Perhaps unsurprisingly, Kentucky is ranked 47th among US States in its per capita number of working scientists and engineers. It fares even worse, 49th, in the number of science and engineering degrees conferred by its universities. This suggests that things are not going to get much better anytime soon.

Interviewed by The Kentucky Post, Fort Thomas Schools Superintendent Larry Stinson didn’t really do much for his State’s image when he stated the fuckin’ obvious by saying “I think the issue here is, we’re getting to be so much more of a technology society, and that’s what makes math and science more important.” Really Larry? How very fuckin’ insightful of you!. The genius went on to say that “math hasn’t changed much, but science has….So many other work areas, the hands-on labor of manufacturing have shifted more to technology.” The residents of Fort Thomas may want to read the ballot more carefully next election day.

I think I have the answer to Kentucky’s poor showing in the fields of science and engineering. Legalize crystal meth and moonshine.


Under my plan, mobile meth labs could be bought from licensed dealers


There has to be literally thousands of experts in the construction and engineering of stills and meth labs living in that state. Add to that the number of “scientists” involved in the production of crank and trampagne and Kentucky should rocket up the charts.

Universities could offer degree courses in cooking up whizz and the distillation of hillbilly pop. This would no doubt elevate the State’s standing.

The State also ranks 45th in the number of patents issued. Imagine the potential if patents could be issued for brand names such as Ol’ Elmers’ Ruckus Juice, Pop Watkins’ Alley Bourbon, or Skeeter’s Red Label Catdaddy. Not to mention the jobs that could be created in the manufacture of machinery like Doc Chickenchasers Patented Steam Powered Friday Night Liquor Still.


"The Masher" can produce 3 jugs of Polish Joe's Bile Stimulating Tonic a day.

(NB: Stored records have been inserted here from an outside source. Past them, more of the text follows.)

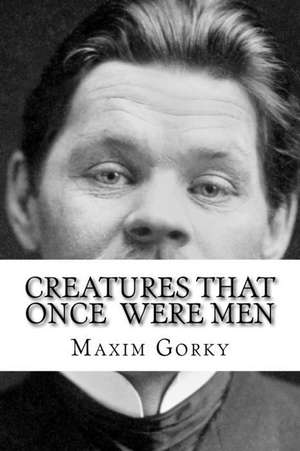 Creatures That Once Were Men de Maxim Gorky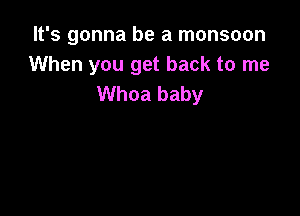 It's gonna be a monsoon
When you get back to me
Whoa baby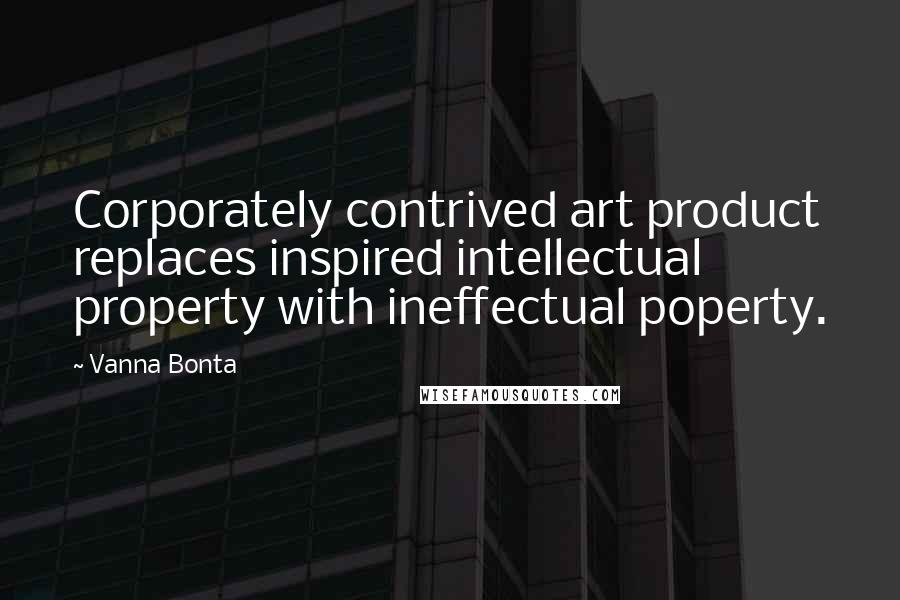 Vanna Bonta Quotes: Corporately contrived art product replaces inspired intellectual property with ineffectual poperty.
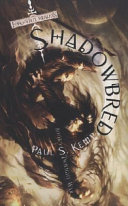 Shadowbred /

It was the entrepreneurial spirit of one Colonel Sanders who decided to use not just 6, but 7 herbs and spices in his fried chicken recipe that put Kentucky on the map. It’s up to the State legislature to legalize dangerous drugs and alcohol in order to keep it there.

2 comments:

Sam, Problem-Child-Bride said...

Skeeter’s Red Label Catdaddy Not a lot of people now this but that is the same Jack Skeeter that is behind the Airbus A380. Never sober and chewed a stalk of corn all through the design process, but a blinking genius, so they say.

Eddie Waring said...

I have an opening on my "online pub quiz" team. What do you say?